For each API that needs authorization KafkaApi class will first hand off the request to authorizer's authorize method with the session,operation and resource param. If the function returns false , KafkaApi will throw an AuthorizationException. Following pseudocode describes at a high level what the implementation will look like: 

SimpleAuthorizer
authorize(session, operation, resource) { 
principal = session.principal  
remoteAddress = session.host   
if(principal is one of the superuser) {   
	return true 
} 
 
acls = getAcl(resource) //will have a cache. 
if(acls.isEmpty || acls.contains(allowAccessToEveryoneAcl)) return true   
 
if any deny acl's are configured for this principal/host/operation combination, deny the access. 
otherwise check if any acl exist that explicitly allows operation for this principal/host/operation and return true.

no explicit allow acls were found so deny the access. 
}

Open Questions

  • What should be the default behavior for scenarios like "no acls found" which will be the case for all topics created before security release? Generally in secure setups the de-facto behavior is to fail close but this forces users to add an "Allow everyone from all hosts" acl to all of their existing topics. 
  • What should be the storage for out of box Authorizer implementation? Zookeeper seems like a good fit here as acls seldom change and we can have a caching layer with TTL of 1 hour. Jun has suggested to use topic (just like we use it for consumer offset storage) which will allow mirror maker to replicate acls without any changes however this means for any custom authorizer the acls will not be replicated by mirror maker. It might be better to update mirror maker to explicitly use getAcls and addAcls API so Acls are replicated no matter what authorizer implementation is chosen.
  • Do we want to modify the existing CLI with all the acl options? or just create a new acl management CLI? 
  • Do we want to support Deny as a permissionType? This adds support for complex acls like "allow access to user1 from all hosts but host1,host2" at the expense of simplicity. I don't think anyone feels about keeping/removing this strongly so will be great to make a quick decision. 
  • Do we want 1:1 mapping from Operation to API or a categorization as listed above? If we decide to go with a 1:1 mapping I think it is better to make it an open string instead of an enum.
  •  Should we even allow defining acls for operation type CLUSTER_ACTION or only allow super users to perform these actions? 

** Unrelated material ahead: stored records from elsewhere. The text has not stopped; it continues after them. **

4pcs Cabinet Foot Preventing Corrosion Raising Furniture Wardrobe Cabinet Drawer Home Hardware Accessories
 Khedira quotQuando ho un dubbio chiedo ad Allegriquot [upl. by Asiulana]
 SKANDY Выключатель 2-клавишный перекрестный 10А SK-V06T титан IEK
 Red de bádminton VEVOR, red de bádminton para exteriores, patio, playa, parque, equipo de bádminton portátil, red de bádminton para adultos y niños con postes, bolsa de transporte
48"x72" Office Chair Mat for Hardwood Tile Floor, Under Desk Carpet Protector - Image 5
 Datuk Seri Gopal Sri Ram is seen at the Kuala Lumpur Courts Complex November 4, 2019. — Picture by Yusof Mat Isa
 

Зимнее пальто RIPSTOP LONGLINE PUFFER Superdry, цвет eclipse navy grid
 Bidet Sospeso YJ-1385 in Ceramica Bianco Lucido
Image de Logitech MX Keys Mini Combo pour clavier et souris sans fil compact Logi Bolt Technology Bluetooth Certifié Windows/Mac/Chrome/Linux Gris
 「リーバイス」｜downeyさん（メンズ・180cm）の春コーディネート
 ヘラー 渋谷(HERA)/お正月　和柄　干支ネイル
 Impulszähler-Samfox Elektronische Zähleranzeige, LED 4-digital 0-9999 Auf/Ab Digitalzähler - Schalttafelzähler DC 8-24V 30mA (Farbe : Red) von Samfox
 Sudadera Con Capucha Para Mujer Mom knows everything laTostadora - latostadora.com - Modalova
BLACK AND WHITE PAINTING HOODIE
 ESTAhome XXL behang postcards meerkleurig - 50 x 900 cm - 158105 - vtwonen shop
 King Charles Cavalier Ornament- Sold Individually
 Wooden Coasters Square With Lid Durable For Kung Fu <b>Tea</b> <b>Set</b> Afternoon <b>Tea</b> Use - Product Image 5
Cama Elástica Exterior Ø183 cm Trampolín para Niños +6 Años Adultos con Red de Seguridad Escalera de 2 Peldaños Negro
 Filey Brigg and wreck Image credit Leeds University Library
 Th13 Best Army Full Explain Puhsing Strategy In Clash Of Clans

Compatibility, Deprecation, and Migration Plan

What impact (if any) will there be on existing users?

This shouldn't affect any existing users

If we are changing behavior how will we phase out the older behavior?

No. The default implementation would maintain all existing usability behavior

If we need special migration tools, describe them here.

Mirror maker will have to start using new acl management tool, 

When will we remove the existing behavior?

No

Rejected Alternatives

We originally proposed to store the acls as part of TopicConfig and no ACL management APIs were exposed. This had the advantage of simplicity of implementation ,less number of public APIs and out of the box support for mirror maker and cleanup of acls with topic deletion and reusing some of the existing infrastructure around propagating topic config changes. However this approach had the draw back of mixing acls with topic config which seems like braking seperation fo concerns and it could have caused confusion to users using custom authorizer as custom authorizer could completely ignore the acls set using topic config. To overcome this we moved exposing ACL management APIs as public APIs that all authorizer must implement and enforcing all the authorizer to maintain their own ACL storage our side of topic config.